-- Opening Marker --

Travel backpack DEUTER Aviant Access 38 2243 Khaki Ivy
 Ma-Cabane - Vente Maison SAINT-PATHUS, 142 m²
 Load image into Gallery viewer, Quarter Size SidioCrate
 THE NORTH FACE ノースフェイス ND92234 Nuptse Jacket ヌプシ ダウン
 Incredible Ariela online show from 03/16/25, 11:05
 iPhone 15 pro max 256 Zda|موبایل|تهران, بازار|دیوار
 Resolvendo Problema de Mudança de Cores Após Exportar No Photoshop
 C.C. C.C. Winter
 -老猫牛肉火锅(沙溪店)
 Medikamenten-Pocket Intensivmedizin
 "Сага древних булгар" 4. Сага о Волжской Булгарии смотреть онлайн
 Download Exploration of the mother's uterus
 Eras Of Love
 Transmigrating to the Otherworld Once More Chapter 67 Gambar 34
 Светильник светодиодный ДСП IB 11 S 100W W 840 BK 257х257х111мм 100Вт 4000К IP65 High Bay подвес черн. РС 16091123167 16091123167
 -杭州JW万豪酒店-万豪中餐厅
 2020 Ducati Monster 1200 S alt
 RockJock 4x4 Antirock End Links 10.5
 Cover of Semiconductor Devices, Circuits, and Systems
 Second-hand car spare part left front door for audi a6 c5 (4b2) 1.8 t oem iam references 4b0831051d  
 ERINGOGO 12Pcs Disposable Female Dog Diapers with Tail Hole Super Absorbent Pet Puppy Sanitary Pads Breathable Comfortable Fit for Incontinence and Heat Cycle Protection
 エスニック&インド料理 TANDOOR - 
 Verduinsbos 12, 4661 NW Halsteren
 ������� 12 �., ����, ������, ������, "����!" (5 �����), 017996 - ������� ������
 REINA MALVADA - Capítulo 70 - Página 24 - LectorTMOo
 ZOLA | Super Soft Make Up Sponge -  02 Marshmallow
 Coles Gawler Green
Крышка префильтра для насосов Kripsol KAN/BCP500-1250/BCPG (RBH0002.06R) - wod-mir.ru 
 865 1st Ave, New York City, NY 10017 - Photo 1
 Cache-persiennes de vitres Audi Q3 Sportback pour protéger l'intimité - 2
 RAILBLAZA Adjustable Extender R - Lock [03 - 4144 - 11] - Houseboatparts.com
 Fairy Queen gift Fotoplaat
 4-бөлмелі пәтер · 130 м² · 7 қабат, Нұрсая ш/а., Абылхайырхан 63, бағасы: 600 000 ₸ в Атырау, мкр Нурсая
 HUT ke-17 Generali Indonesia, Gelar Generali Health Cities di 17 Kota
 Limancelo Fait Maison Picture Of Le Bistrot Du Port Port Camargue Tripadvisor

-- Closing Marker --

TASK TO CARRY OUT: Please output the complete data exactly.

ANSWER TO THIS EXERCISE:
Travel backpack DEUTER Aviant Access 38 2243 Khaki Ivy
 Ma-Cabane - Vente Maison SAINT-PATHUS, 142 m²
 Load image into Gallery viewer, Quarter Size SidioCrate
 THE NORTH FACE ノースフェイス ND92234 Nuptse Jacket ヌプシ ダウン
 Incredible Ariela online show from 03/16/25, 11:05
 iPhone 15 pro max 256 Zda|موبایل|تهران, بازار|دیوار
 Resolvendo Problema de Mudança de Cores Após Exportar No Photoshop
 C.C. C.C. Winter
 -老猫牛肉火锅(沙溪店)
 Medikamenten-Pocket Intensivmedizin
 "Сага древних булгар" 4. Сага о Волжской Булгарии смотреть онлайн
 Download Exploration of the mother's uterus
 Eras Of Love
 Transmigrating to the Otherworld Once More Chapter 67 Gambar 34
 Светильник светодиодный ДСП IB 11 S 100W W 840 BK 257х257х111мм 100Вт 4000К IP65 High Bay подвес черн. РС 16091123167 16091123167
 -杭州JW万豪酒店-万豪中餐厅
 2020 Ducati Monster 1200 S alt
 RockJock 4x4 Antirock End Links 10.5
 Cover of Semiconductor Devices, Circuits, and Systems
 Second-hand car spare part left front door for audi a6 c5 (4b2) 1.8 t oem iam references 4b0831051d  
 ERINGOGO 12Pcs Disposable Female Dog Diapers with Tail Hole Super Absorbent Pet Puppy Sanitary Pads Breathable Comfortable Fit for Incontinence and Heat Cycle Protection
 エスニック&インド料理 TANDOOR - 
 Verduinsbos 12, 4661 NW Halsteren
 ������� 12 �., ����, ������, ������, "����!" (5 �����), 017996 - ������� ������
 REINA MALVADA - Capítulo 70 - Página 24 - LectorTMOo
 ZOLA | Super Soft Make Up Sponge -  02 Marshmallow
 Coles Gawler Green
Крышка префильтра для насосов Kripsol KAN/BCP500-1250/BCPG (RBH0002.06R) - wod-mir.ru 
 865 1st Ave, New York City, NY 10017 - Photo 1
 Cache-persiennes de vitres Audi Q3 Sportback pour protéger l'intimité - 2
 RAILBLAZA Adjustable Extender R - Lock [03 - 4144 - 11] - Houseboatparts.com
 Fairy Queen gift Fotoplaat
 4-бөлмелі пәтер · 130 м² · 7 қабат, Нұрсая ш/а., Абылхайырхан 63, бағасы: 600 000 ₸ в Атырау, мкр Нурсая
 HUT ke-17 Generali Indonesia, Gelar Generali Health Cities di 17 Kota
 Limancelo Fait Maison Picture Of Le Bistrot Du Port Port Camargue Tripadvisor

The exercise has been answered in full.